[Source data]
········

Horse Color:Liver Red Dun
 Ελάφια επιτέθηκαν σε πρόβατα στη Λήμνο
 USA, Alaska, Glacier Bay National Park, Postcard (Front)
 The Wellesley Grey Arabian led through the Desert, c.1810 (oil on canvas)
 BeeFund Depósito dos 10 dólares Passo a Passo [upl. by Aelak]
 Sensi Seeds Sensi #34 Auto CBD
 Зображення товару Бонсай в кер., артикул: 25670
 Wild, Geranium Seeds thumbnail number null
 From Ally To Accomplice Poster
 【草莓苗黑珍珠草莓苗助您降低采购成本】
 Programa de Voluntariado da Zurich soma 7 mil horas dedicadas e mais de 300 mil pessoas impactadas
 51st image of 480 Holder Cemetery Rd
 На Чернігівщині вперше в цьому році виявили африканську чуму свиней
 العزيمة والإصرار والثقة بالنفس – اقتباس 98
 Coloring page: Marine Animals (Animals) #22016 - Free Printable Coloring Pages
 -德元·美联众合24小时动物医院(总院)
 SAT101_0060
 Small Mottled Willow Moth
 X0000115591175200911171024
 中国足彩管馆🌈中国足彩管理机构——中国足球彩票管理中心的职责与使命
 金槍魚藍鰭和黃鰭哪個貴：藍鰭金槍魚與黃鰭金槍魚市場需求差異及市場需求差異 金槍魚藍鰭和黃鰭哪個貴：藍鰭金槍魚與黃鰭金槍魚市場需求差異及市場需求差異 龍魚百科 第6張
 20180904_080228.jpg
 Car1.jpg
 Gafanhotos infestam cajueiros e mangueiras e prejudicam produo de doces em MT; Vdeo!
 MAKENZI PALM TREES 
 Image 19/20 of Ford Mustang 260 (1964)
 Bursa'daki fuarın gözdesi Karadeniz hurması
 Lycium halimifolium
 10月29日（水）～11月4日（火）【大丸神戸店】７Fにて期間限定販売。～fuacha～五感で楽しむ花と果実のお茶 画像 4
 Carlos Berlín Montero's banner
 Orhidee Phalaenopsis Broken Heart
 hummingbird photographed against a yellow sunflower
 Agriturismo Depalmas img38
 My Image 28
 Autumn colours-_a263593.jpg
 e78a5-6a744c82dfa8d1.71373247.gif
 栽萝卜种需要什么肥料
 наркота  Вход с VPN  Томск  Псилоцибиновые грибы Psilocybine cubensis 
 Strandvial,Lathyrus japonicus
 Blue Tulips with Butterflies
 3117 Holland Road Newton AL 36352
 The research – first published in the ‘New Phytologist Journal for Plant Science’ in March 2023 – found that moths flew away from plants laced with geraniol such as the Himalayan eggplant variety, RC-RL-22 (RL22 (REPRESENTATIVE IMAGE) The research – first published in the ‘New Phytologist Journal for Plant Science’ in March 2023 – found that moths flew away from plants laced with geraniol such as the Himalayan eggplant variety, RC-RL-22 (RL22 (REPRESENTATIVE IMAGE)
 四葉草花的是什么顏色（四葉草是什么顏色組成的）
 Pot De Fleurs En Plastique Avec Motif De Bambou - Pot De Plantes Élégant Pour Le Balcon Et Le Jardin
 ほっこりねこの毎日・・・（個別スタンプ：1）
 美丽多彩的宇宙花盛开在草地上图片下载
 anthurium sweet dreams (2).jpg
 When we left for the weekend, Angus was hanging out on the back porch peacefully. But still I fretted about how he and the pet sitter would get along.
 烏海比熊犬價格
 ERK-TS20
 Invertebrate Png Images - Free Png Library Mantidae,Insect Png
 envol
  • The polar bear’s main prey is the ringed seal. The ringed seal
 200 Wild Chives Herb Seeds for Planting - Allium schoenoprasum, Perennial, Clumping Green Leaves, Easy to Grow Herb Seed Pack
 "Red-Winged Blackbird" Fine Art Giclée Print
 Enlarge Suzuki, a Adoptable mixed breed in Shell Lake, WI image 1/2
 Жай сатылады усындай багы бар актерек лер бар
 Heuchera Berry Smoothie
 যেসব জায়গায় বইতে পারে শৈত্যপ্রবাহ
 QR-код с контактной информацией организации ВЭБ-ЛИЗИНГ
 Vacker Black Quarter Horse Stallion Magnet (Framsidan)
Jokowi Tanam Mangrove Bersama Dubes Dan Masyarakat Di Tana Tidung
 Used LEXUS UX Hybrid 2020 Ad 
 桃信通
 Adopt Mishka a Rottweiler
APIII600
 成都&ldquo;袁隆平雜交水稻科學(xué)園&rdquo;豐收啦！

········

Print, without alteration, only the lines above between the one holding "When we left" and the one holding "Heuchera Berry Smoothie", inclusive.

### ANSWER AREA:
 When we left for the weekend, Angus was hanging out on the back porch peacefully. But still I fretted about how he and the pet sitter would get along.
 烏海比熊犬價格
 ERK-TS20
 Invertebrate Png Images - Free Png Library Mantidae,Insect Png
 envol
  • The polar bear’s main prey is the ringed seal. The ringed seal
 200 Wild Chives Herb Seeds for Planting - Allium schoenoprasum, Perennial, Clumping Green Leaves, Easy to Grow Herb Seed Pack
 "Red-Winged Blackbird" Fine Art Giclée Print
 Enlarge Suzuki, a Adoptable mixed breed in Shell Lake, WI image 1/2
 Жай сатылады усындай багы бар актерек лер бар
 Heuchera Berry Smoothie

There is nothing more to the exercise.